Die EU will weitere 124 Millionen Euro für die Mission der Afrikanischen Union (AU) in Somalia (AMISOM) bereitstellen, wie die Kommission am Montag (9. September) mitteilte. Die zusätzlichen Mittel werden für den Zeitraum vom 1. Juni bis 31. Dezember 2013 bereitgestellt. Insgesamt trägt die EU damit fast 600 Millionen Euro zu der Friedensmission in Somalia bei.

Die zusätzlichen Gelder sollen sämtliche Kosten für den Unterhalt der AMISOM-Friedenstruppe decken. Auch die Polizei- und Zivilkomponenten der Mission sowie die Betriebskosten des Hauptquartiers in der kenianischen Hauptstadt Nairobi sollen so finanziert werden. Mit diesen Mitteln könne AMISOM gemäß ihrem vom Sicherheitsrat der Vereinten Nationen erteilten Mandat aktiv Friedensmissionen in ganz Somalia durchführen, so die EU-Kommission.

"A New Deal for Somalia"

Die EU und die Bundesregierung von Somalia richten am 16. September 2013 in Brüssel die hochrangige Konferenz "A New Deal for Somalia" aus. Ziel ist, die positive Entwicklung in Somalia voranzutreiben und neue Unterstützung für den Wiederaufbau des Landes zu mobilisieren. Auf der Konferenz soll der "New Deal Compact" für die nächsten drei Jahre beschlossen werden.

"Die Verbesserung der Sicherheit in Somalia wird der somalischen Bevölkerung und der Entwicklung des Landes insgesamt zugutekommen", so Entwicklungskommissar Andris Piebalgs. "Die AMISOM spielt eine wichtige Rolle, da sie Somalia auf seinem Weg zu Stabilität und dauerhaftem Frieden zur Seite steht, bis das Land die Verantwortung für seine Sicherheit vollständig selbst übernehmen kann."

Auch EU-Außenbeauftragte Catherine Ashton ist optimistisch, was die Zukunft des kriegsversehrten Landes betrifft: "Das Somalia, das sich uns heute präsentiert, zeigt welche Fortschritte erzielt werden können, wenn sich ein Land und seine Partner entschlossen dafür einsetzen, Bürgerkriegselend und bittere Armut zu überwinden.
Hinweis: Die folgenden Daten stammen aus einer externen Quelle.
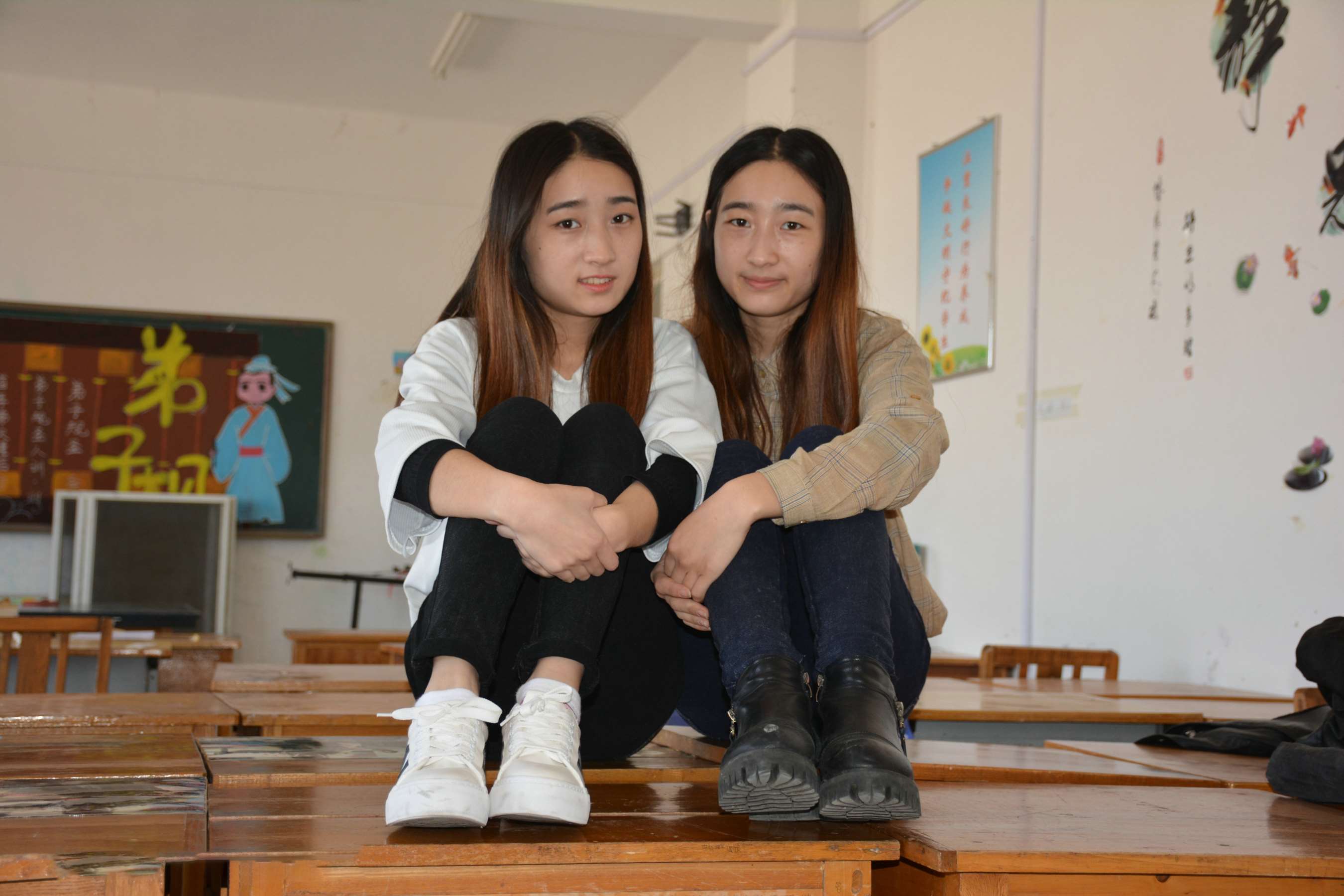 《晨瑶教室合拍》作品图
Der AMISOM und den somalischen Streitkräften ist es mit Unterstützung der Europäischen Union gelungen, Sicherheit und politischen Handlungsspielraum zu schaffen und einen Prozess der Aussöhnung einzuleiten."

Die AMISOM ist eine von der Afrikanischen Union geleitete und mit einem Mandat des UN-Sicherheitsrats ausgestattete Mission, die staatliche Kontrolle in den von Al-Shabaab besetzten Gebieten wiederherstellen und die Versöhnung in Somalia fördern soll. Seit Beginn der Mission im März 2007 zählt die EU zu den größten Gebern der AMISOM und stellt im Rahmen der Friedensfazilität für Afrika (APF), dem wichtigsten Instrument der EU zur Unterstützung von Frieden und Sicherheit in Afrika, als einziger Geber Mittel für den Unterhalt der Friedenstruppe bereit. Die EU beteiligt sich auch durch bilaterale Beiträge ihrer Mitgliedsstaaten an der Finanzierung der Mission. Die Mission leistet zudem einen Beitrag zur Partnerschaft Afrika-EU für Frieden und Sicherheit im Rahmen der Gemeinsamen Strategie Afrika-EU.